* _SOURCE MATERIAL_
• • • • •

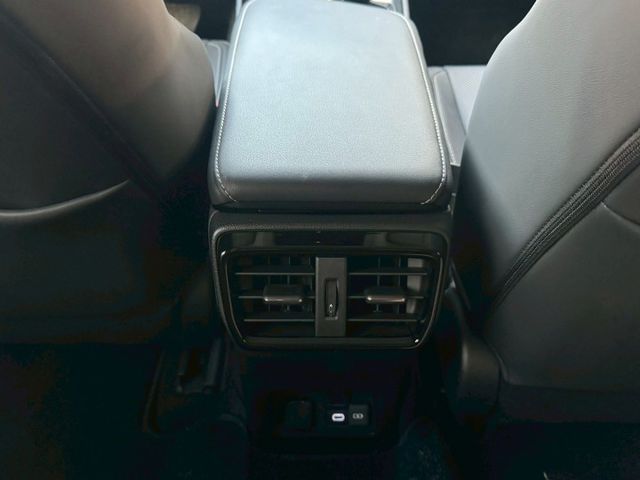 保證實車實價 / 頂級版 NX250 / 換檔波片 / 免鑰匙啟動 / 盲點 / 雙前電動椅調整 / 電尾門  第9張相片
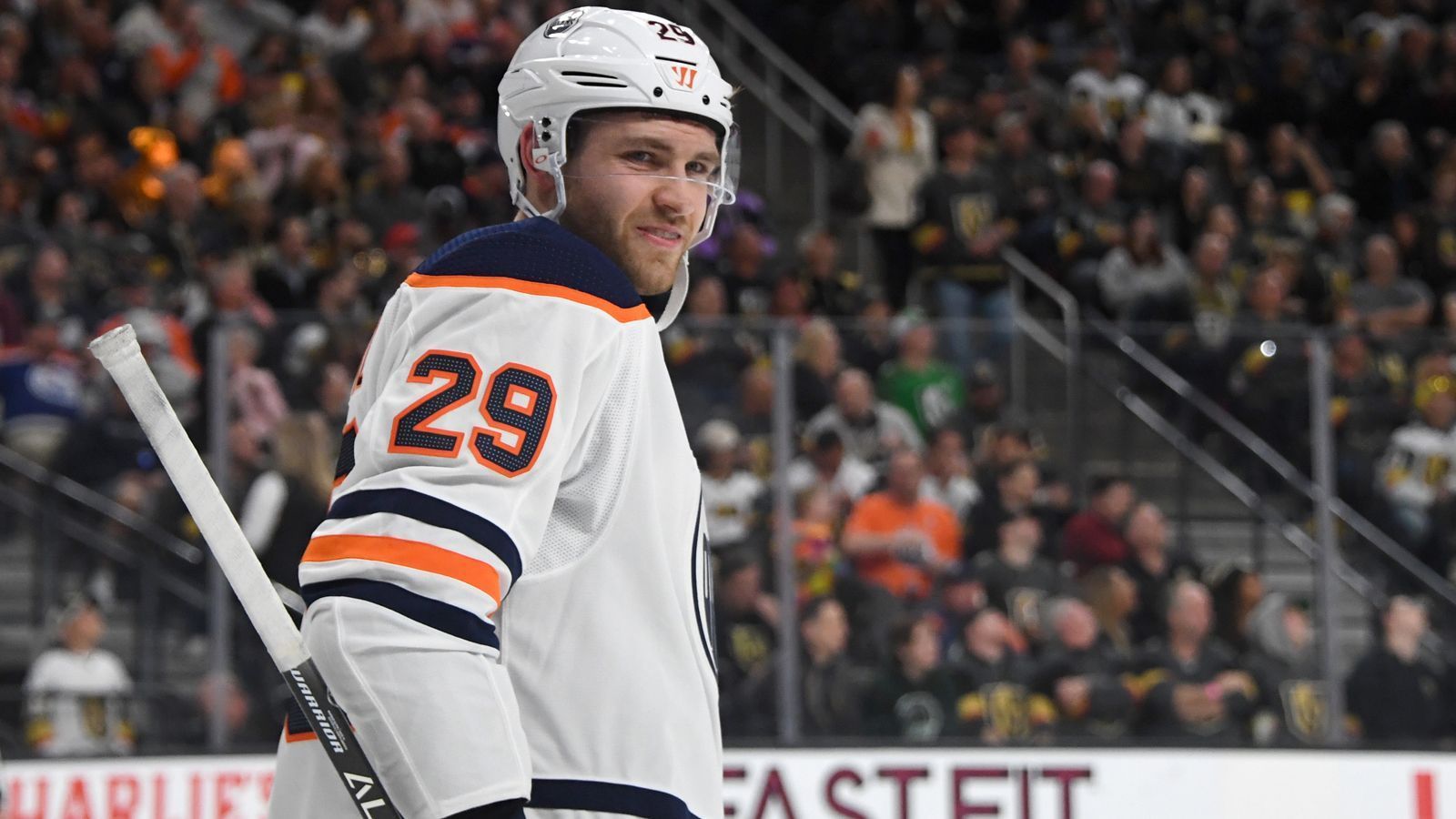 
                <strong>Trophäenjäger Leon Draisaitl</strong><br>
                Leon Draisaitl punktet und punktet und punktet in der NHL. Bei der 3:4-Niederlage gegen die Chicago Blackhawks erzielt er mit zwei Vorlagen bei den Toren von Ryan Nugent-Hopkins und Kailer Yamamoto die Scorerpunkte 109 und 110. Damit führt er das Rennen um die "Art Ross Trophy" als punktbester Spieler der Regular Season vor Teamkollege Connor McDavid an. Aber wie sind seine Chancen, die Trophäe zu gewinnen, wer sind seine härtesten Konkurrenten und wie sind die Aussichten bei der "Hart Memorial Trophy" als Most Valuable Player?
              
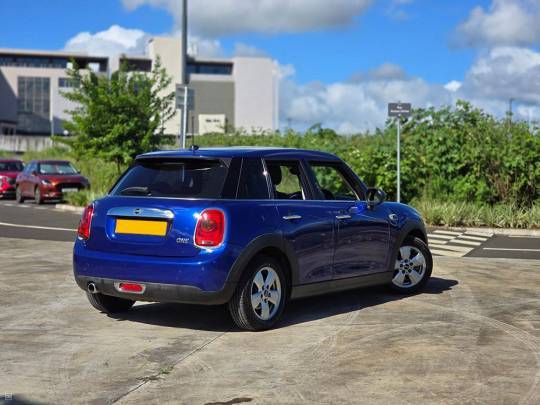 MINI #ONE - 1.6 - 2019-4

• • • • •

* _HOW TO COMPLETE THIS TASK_
Would you please repeat the lines above exactly, from the first line of the listing through the line holding "<strong>Trophäenjäger Leon Draisaitl</strong><br>", with nothing added and no pictures?

* _EXERCISE RESULT_
 保證實車實價 / 頂級版 NX250 / 換檔波片 / 免鑰匙啟動 / 盲點 / 雙前電動椅調整 / 電尾門  第9張相片
                <strong>Trophäenjäger Leon Draisaitl</strong><br>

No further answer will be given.